Human DNA is constantly barraged by a variety of environmental agents.
by Staff Writers
Fukuoka, Japan (SPX) May 02, 2006
In this month's issue of the leading scientific journal Genome Research, scientists from Kyushu University report how environmentally damaged DNA may contribute to human genetic diversity.

They describe the co-occurrence of an aberrant nucleobase, called 8-oxoguanine (8-oxoG), with genomic regions enriched in meiotic recombination "hotspots" and single nucleotide polymorphisms (SNPs). The findings have implications for understanding the interplay between heredity and the environment in shaping human phenotypic variation.

Human DNA is constantly barraged by a variety of environmental agents, including UV light and chemicals, as well as by reactive oxygen species (ROS), which are produced as byproducts of normal metabolic reactions or as molecular executors of host defense. These agents may cause the nucleobases in DNA to spontaneously undergo a chemical transformation known as oxidation.

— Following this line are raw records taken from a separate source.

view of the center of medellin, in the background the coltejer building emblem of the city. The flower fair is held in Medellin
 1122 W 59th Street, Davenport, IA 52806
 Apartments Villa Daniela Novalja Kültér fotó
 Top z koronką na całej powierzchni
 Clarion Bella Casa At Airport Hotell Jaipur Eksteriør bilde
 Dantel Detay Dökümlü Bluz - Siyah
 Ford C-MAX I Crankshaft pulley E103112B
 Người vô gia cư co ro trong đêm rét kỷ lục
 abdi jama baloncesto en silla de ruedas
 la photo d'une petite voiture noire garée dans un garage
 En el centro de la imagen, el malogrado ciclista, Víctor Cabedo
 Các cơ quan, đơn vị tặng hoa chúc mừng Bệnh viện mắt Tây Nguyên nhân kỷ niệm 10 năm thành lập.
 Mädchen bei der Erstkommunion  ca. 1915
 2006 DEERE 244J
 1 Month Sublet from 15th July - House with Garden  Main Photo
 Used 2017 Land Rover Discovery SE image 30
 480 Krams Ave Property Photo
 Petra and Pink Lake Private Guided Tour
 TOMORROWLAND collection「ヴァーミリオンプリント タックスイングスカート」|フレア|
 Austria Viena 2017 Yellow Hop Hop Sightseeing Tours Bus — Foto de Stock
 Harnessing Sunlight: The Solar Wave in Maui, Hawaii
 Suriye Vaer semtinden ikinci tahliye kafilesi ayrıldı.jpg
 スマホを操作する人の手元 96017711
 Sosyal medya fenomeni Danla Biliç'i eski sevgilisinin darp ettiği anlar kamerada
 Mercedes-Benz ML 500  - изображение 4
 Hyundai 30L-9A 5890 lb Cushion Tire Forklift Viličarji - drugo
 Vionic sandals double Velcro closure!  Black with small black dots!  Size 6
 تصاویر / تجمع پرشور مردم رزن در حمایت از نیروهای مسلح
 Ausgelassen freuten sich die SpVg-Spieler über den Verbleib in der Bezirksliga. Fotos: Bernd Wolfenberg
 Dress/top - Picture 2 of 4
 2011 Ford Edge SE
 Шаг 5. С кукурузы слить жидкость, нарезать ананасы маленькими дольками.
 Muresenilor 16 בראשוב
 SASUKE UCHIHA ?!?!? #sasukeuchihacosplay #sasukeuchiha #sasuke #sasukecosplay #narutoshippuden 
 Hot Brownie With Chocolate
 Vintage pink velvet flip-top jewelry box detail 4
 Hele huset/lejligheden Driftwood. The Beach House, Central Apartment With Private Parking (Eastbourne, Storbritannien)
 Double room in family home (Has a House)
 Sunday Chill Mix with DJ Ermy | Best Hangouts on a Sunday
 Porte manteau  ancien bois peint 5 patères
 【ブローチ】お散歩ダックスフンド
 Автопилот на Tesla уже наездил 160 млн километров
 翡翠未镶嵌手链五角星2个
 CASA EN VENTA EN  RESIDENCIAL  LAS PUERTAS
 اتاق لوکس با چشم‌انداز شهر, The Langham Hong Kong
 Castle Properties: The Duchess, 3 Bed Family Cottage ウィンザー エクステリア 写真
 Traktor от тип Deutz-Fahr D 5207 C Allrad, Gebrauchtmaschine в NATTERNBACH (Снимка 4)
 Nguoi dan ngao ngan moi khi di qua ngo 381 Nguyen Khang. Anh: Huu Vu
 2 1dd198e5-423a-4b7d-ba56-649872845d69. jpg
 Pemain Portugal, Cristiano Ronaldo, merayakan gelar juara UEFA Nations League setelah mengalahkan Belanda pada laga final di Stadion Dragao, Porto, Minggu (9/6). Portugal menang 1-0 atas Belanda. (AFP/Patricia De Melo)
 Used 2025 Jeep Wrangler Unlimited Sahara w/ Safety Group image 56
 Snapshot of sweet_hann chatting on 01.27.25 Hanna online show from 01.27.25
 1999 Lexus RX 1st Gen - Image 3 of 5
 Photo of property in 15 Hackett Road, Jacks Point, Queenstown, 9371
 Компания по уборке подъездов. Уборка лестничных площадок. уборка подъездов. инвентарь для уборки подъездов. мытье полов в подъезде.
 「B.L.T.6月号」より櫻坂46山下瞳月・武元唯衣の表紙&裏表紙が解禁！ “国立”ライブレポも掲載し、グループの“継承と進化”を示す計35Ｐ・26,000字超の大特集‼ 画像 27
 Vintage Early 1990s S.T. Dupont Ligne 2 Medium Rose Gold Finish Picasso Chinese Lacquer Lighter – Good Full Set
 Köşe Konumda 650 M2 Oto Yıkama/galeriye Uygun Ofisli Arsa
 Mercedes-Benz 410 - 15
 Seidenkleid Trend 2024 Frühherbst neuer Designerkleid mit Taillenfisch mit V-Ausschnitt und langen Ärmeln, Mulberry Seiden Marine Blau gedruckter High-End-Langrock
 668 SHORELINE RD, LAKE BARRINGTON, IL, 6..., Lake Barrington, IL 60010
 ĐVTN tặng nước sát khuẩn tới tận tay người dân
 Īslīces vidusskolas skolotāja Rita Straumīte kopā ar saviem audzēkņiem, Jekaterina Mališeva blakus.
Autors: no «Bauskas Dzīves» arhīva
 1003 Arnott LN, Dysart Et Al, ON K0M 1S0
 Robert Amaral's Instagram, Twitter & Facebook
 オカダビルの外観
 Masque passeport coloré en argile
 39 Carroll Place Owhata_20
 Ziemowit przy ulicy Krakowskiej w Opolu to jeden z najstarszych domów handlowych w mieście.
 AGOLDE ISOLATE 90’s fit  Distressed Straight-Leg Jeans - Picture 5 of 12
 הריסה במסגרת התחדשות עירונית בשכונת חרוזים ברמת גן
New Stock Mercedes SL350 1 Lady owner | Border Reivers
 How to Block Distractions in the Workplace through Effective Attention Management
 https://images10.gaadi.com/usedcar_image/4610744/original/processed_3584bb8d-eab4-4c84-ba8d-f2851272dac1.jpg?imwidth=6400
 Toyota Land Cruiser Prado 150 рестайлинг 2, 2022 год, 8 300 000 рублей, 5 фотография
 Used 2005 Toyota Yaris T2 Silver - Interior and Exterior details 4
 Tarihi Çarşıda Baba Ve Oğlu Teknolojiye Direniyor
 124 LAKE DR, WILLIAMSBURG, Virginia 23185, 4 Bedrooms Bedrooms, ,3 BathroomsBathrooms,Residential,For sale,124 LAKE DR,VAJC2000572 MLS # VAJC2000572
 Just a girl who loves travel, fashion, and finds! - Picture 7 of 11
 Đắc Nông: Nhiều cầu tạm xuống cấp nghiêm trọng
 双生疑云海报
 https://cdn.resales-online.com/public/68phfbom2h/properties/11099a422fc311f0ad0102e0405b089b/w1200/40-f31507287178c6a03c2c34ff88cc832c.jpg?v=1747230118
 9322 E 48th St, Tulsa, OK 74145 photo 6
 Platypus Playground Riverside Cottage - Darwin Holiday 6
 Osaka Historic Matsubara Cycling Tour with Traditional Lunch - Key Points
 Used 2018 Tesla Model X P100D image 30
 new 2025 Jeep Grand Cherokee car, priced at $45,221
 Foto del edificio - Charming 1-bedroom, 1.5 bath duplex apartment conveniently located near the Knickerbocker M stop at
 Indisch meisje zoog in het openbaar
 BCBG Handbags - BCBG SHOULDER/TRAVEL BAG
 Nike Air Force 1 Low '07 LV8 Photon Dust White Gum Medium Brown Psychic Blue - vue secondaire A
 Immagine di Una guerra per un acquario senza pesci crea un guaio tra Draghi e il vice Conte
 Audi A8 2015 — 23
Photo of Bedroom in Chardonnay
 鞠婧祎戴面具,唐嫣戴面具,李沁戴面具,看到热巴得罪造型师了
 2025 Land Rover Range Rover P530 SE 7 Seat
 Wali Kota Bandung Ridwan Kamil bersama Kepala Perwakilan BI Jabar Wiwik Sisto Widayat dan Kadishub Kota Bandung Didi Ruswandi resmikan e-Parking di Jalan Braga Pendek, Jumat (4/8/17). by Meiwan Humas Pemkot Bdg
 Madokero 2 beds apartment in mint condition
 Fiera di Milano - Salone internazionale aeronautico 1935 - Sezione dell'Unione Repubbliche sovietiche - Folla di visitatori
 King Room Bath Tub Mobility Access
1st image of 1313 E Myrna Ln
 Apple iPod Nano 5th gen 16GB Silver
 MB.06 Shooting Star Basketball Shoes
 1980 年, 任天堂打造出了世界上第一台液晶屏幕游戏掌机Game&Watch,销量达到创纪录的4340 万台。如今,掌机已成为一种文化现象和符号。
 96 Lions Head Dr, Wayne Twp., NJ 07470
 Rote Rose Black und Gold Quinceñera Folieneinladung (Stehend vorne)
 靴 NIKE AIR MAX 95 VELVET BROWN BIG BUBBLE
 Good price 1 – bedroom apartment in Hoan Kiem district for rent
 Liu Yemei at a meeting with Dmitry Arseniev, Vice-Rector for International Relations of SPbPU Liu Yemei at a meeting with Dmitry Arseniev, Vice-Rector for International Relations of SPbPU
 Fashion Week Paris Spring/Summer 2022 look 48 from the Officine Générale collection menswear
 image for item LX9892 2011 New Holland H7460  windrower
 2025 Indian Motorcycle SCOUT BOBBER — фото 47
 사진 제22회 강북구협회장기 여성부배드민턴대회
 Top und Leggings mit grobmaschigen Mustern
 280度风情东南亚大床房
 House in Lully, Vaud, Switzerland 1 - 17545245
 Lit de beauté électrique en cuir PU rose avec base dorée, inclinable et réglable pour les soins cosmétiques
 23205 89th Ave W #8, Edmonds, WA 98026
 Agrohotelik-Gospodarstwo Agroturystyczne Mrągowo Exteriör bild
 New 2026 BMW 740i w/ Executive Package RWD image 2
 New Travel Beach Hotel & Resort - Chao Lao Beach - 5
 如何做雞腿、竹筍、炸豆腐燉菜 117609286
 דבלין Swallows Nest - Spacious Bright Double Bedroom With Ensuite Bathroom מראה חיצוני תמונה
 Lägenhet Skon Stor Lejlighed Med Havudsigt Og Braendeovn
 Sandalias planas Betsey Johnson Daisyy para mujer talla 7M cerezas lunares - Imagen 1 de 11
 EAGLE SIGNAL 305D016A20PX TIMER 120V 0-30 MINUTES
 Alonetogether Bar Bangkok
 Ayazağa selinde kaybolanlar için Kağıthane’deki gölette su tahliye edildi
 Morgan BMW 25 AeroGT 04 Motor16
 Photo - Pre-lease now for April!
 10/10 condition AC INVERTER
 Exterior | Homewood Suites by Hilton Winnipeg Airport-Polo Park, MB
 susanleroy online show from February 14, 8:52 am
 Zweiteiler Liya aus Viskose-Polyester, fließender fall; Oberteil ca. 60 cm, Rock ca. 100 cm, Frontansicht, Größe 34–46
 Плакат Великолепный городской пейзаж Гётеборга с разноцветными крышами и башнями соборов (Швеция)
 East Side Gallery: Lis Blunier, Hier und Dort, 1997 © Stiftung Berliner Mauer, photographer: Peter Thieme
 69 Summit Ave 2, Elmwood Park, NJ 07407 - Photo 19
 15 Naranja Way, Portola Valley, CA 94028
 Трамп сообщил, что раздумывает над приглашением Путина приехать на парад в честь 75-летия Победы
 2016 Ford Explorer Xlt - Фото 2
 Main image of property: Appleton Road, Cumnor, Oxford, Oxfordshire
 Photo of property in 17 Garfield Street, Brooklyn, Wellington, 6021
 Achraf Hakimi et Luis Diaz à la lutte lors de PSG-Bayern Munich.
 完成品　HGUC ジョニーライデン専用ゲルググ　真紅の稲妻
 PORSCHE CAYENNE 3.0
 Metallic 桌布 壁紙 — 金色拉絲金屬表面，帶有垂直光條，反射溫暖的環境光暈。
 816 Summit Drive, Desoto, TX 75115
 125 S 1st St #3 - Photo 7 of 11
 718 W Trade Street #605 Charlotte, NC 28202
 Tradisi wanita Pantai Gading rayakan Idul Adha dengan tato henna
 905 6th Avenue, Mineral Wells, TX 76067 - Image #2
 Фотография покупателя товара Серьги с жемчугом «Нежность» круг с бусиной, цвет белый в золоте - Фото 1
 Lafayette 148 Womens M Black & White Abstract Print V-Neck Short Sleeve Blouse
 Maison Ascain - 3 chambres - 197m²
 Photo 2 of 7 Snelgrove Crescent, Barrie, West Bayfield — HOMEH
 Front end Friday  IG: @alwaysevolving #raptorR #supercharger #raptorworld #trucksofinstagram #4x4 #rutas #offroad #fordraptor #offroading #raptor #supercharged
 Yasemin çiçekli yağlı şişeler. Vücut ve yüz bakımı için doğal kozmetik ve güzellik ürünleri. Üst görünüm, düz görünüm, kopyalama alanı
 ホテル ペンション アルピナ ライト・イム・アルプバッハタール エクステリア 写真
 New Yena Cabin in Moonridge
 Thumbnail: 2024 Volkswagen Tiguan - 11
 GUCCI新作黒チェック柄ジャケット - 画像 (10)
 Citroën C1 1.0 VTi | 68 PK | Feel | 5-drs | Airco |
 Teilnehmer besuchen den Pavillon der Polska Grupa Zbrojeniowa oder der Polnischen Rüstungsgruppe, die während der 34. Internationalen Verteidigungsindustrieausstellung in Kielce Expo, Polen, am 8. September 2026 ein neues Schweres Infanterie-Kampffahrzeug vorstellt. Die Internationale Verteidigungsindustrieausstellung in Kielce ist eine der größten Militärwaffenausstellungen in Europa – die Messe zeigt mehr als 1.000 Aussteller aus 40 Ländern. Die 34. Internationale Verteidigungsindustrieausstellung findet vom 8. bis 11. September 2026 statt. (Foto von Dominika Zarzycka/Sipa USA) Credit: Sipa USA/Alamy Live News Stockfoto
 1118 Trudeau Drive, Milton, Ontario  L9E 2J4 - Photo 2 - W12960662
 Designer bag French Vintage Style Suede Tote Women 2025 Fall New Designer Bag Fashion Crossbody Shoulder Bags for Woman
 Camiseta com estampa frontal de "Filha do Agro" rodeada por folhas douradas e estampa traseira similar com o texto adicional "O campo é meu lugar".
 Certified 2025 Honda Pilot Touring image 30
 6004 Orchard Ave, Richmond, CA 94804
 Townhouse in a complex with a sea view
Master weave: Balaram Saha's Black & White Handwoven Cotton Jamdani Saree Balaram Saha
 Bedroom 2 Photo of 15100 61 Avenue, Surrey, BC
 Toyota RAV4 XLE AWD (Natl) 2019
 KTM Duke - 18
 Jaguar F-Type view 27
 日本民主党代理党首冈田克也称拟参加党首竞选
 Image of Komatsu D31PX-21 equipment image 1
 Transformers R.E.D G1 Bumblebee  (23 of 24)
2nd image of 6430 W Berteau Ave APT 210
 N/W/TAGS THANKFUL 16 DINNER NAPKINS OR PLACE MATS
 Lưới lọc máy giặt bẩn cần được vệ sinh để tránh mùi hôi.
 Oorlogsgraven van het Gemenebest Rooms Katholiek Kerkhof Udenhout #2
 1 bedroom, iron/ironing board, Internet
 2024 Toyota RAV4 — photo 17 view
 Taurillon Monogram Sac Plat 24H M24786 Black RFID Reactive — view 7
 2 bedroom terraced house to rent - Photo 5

8-oxoG is an oxidized form of the common nucleobase guanine (G), and when present in the genome, may form an unconventional base-pair with adenine (A). When DNA replication occurs, the abnormally placed adenine is paired with a thymine (T) instead of the original guanine, thereby resulting in a permanent nucleobase change.

One might intuitively expect the distribution of aberrant 8-oxoG nucleobases to be randomly distributed throughout the genome, but in their new study, Dr. Yusaku Nakabeppu and his colleagues demonstrated otherwise. Nakabeppu teamed up with Drs. Mizuki Ohno and Tomofumi Miura, among others, to investigate the distribution of 8-oxoG on spreads of normal human chromosomes with fluorescently labeled antibodies that specifically attached to 8-oxoG positions.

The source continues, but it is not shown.